In such case, it has been repeatedly held that the proper determination of the issue does not depend upon the name given to the transaction by the parties nor upon the express terms of any contract between them, but upon the nature of the transaction, the legal effect of it as a whole, and the intention of the parties as evidenced thereby. Herryford v. Davis, 102 U. S. 235, 26 L. Ed. 160; Keystone Finance Corp. v. Krueger, 17 F.(2d) 904 (C. C. A. 3); In re Bettman-Johnson Co., 250 P. 657, 664 *12(C. C. A. 6); Le Sueur v. Manufacturers’ Finance Co., 285 F. 490 (C. C. A. 6); Vender Lei v. Blakely, 284 F. 516 (C. C. A. 6); Tennessee Finance Co. v. Thompson, 278 F. 597 (C. C. A. 6). Compare also Home Bond Co. V. McChesney, Trustee, 239 U. S. 568, 36 S. Ct. 170, 60 L. Ed. 444.

These questions of intent, purpose, possession, and the precise nature of the dealings between the parties are questions of fact, or, at best, mixed questions of law and fact, and the concurrent findings of referee and judge, or of master and judge, will not be set aside on appeal on anything less than a demonstration of plain mistake or error in applying the law. In re Maki, 18 F.(2d) 89 (C. C. A. 6); Bergougnan Rubber Corp. v. Bell, 8 F.(2d) 702 (C. C. A. 6); Grossberger v. B. F. Goodrich Rubber Co., 8 F.(2d) 964 (C. C. A. 6); Tennessee Finance Co. v. Thompson, supra, at page '600, and numerous other cases there cited. But we find no difficulty in arriving at the same conclusion as that reached by the District Court. The building in which the lumber was stored was leased and maintained by the bankrupt as his place of business. Practically all purchases and sales of lumber were made by the bankrupt in his own name. The lumber was in the custody and under the sole domination and control (that is to say, possession) of the bankrupt. Hyman was not engaged in the lumber trade as such, but in the financing of other enterprises. It is by no means the least significant of the features of the ease that, as to transactions subsequent to January, 1924, a fixed and definite compensation was to be paid to Hyman for financing purchases, viz. $5 per thousand feet of lumber handled, nor that all sums secured from the sale of lumber in excess of such compensation were to be credited to the bankrupt upon past or future indebtedness. Finding himself heavily involved in January, 1924, the plan was quite manifestly devised to decrease the total of such indebtedness while retaining current and future purchases of lumber as security not only for contemporaneously created indebtedness, but, ta the extent of any surplus profits, also for past indebtedness. We see no escape from the position that the appellant either became a partner, engaged in a joint enterprise with the bankrupt, after January, 1924, or that the interest which he secured in the stock of the bankrupt was intended to be and was solely in the nature of security. The first of these positions is denied; the second seems to us manifest.

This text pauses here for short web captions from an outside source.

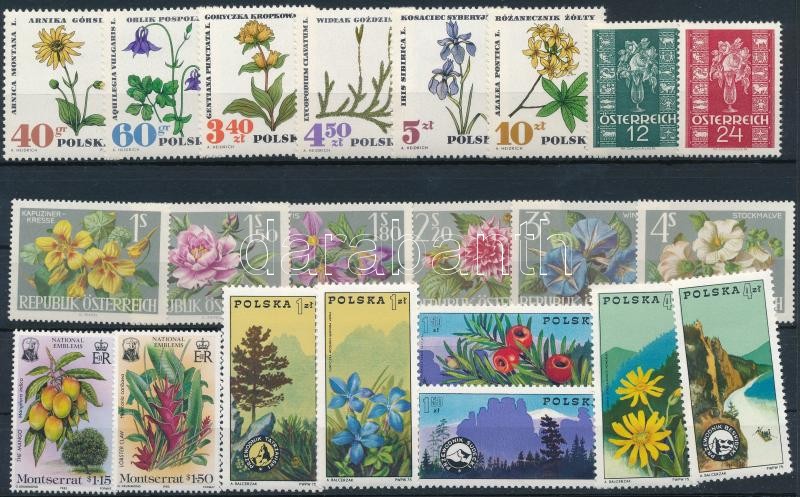 1937-1985 Virág motívum 6 klf sor + 2 db önálló érték 2 db stecklapon, 1937-1985 Flowers 6 sets + 2 stamps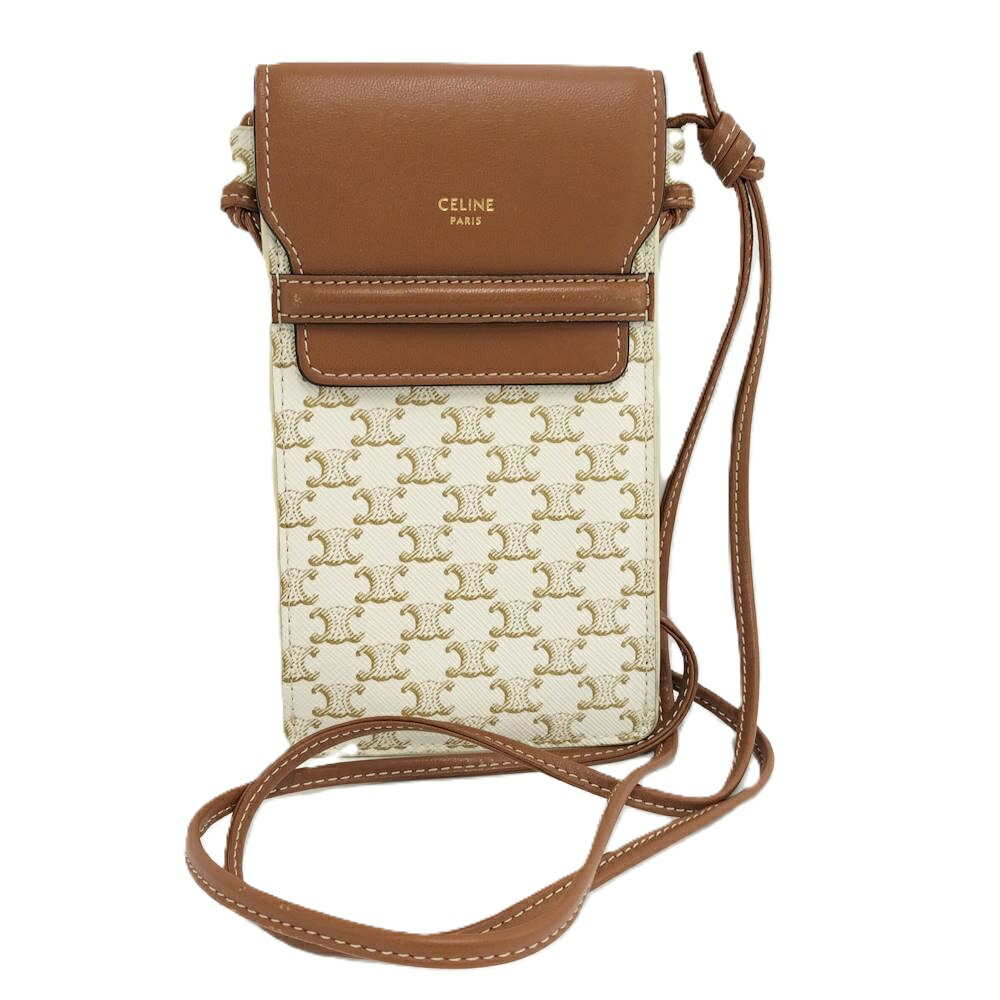 【中古】CELINE 電話機車寄せ なめし革×PVC 赤銅色×象牙色
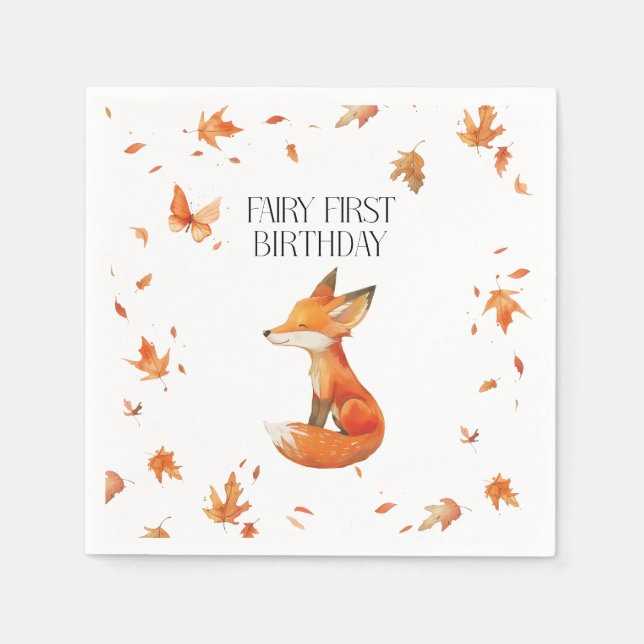 Servilleta De Papel Fall Fairy First Birday Gracias con un Fox (Anverso)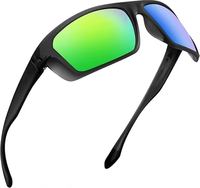 Lunettes de soleil polarisées personnalisables à monture intégrale, verres miroir, protection UV400, sangle réglable, pour hommes/femmes, cyclisme, conduite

The situation is in no way changed by .the fact that, some time prior to bankruptcy, cards or notices were placed upon the lumber to the effect that such lumber was the property of the Capital Investment Company. As was so tersely stated by Judge Warrington in Cincinnati Equipment Co. v. Degnan (C. C. A.) 184 F. 834, 845: “The claim really means that the will of the lessor” (Hyman) “may be substituted for that expressed by the lawmaking power itself. No decision is cited in support of the claim.” The bills of sale having been given for the purpose of securing the appellant, and possession of the lumber having been surrendered to the bankrupt, and the concurrent finding of the master and the District Court having been that the cards or notices of ownership were affixed to the lumber “in an indefinite and irregular manner, apparently without any effort to maintain the notices upon the lumber or. to notify third parties of the ownership of the same,” we are constrained to hold that such notices could not. make effective an agreement or contract expressly declared null and void as to existing and subsequent creditors by the statutes of Tennessee. Whether in case of a bona fide sale such placarding would be .sufficient appropriation of the goods to the sale to justify considering it as executed under the Tennessee law, we need not here determine.

The judgment of the District Court is affirmed.